* _What is required_:
Word for word, copy the line that contains "5405 Vineyard Drive" and each line after it in the data below. Pictures stay out of the copy.

* _Recorded data_:
※

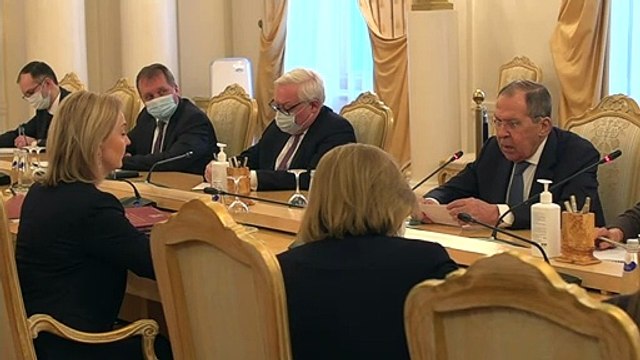 Truss urges Lavrov to take diplomatic path with Ukraine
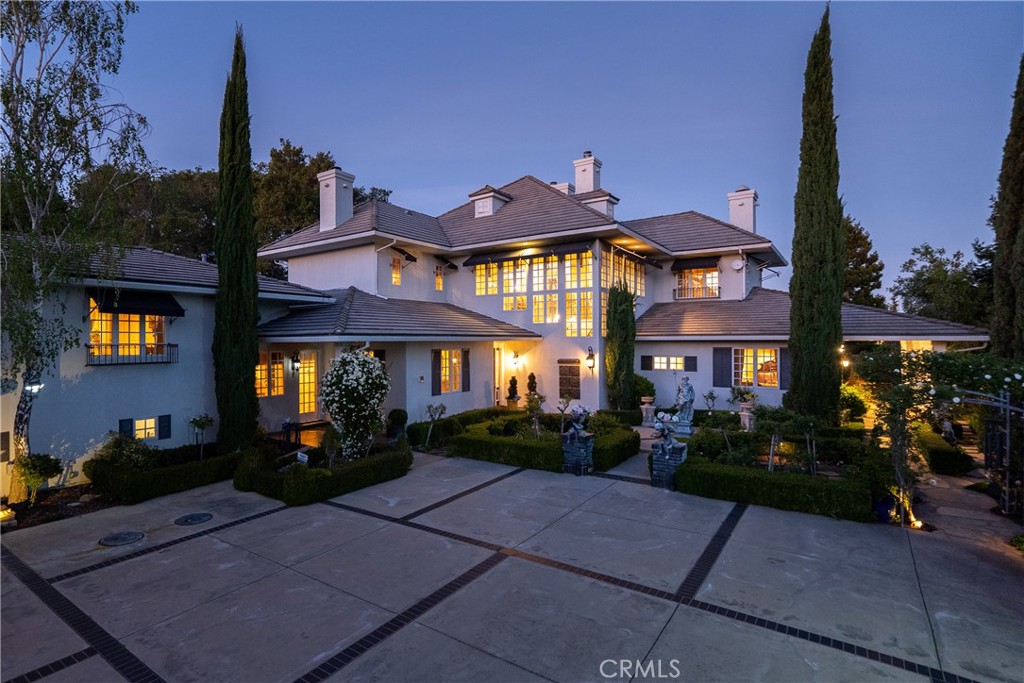 5405 Vineyard Drive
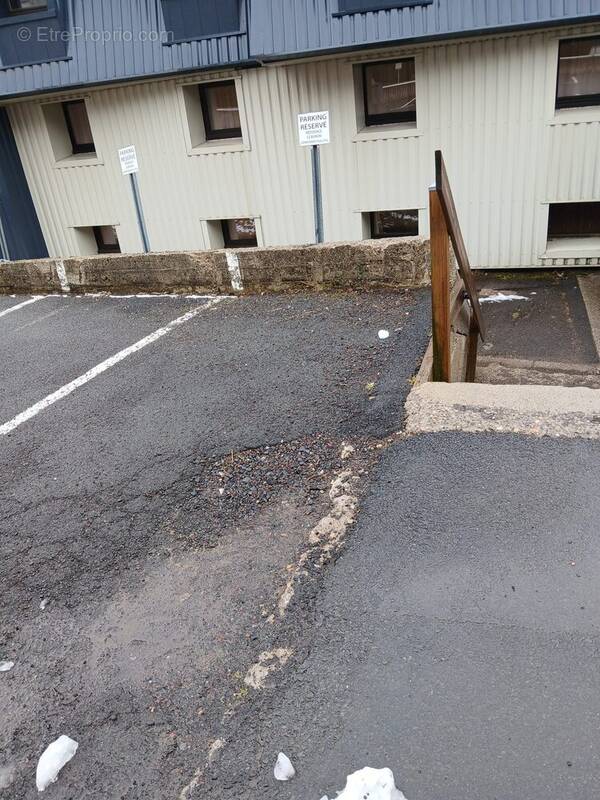 Parking à BESSE-ET-SAINT-ANASTAISE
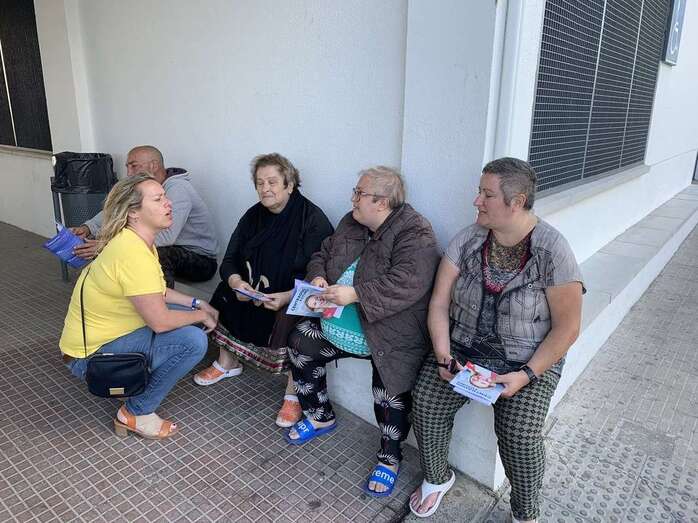 La candidata a la Alcaldía del PP, Sonsoles Martín, charla con vecinos de un barrio de Telde durante la campaña electoral (Foto TA)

※

* _Finished exercise_:
 5405 Vineyard Drive
 Parking à BESSE-ET-SAINT-ANASTAISE
 La candidata a la Alcaldía del PP, Sonsoles Martín, charla con vecinos de un barrio de Telde durante la campaña electoral (Foto TA)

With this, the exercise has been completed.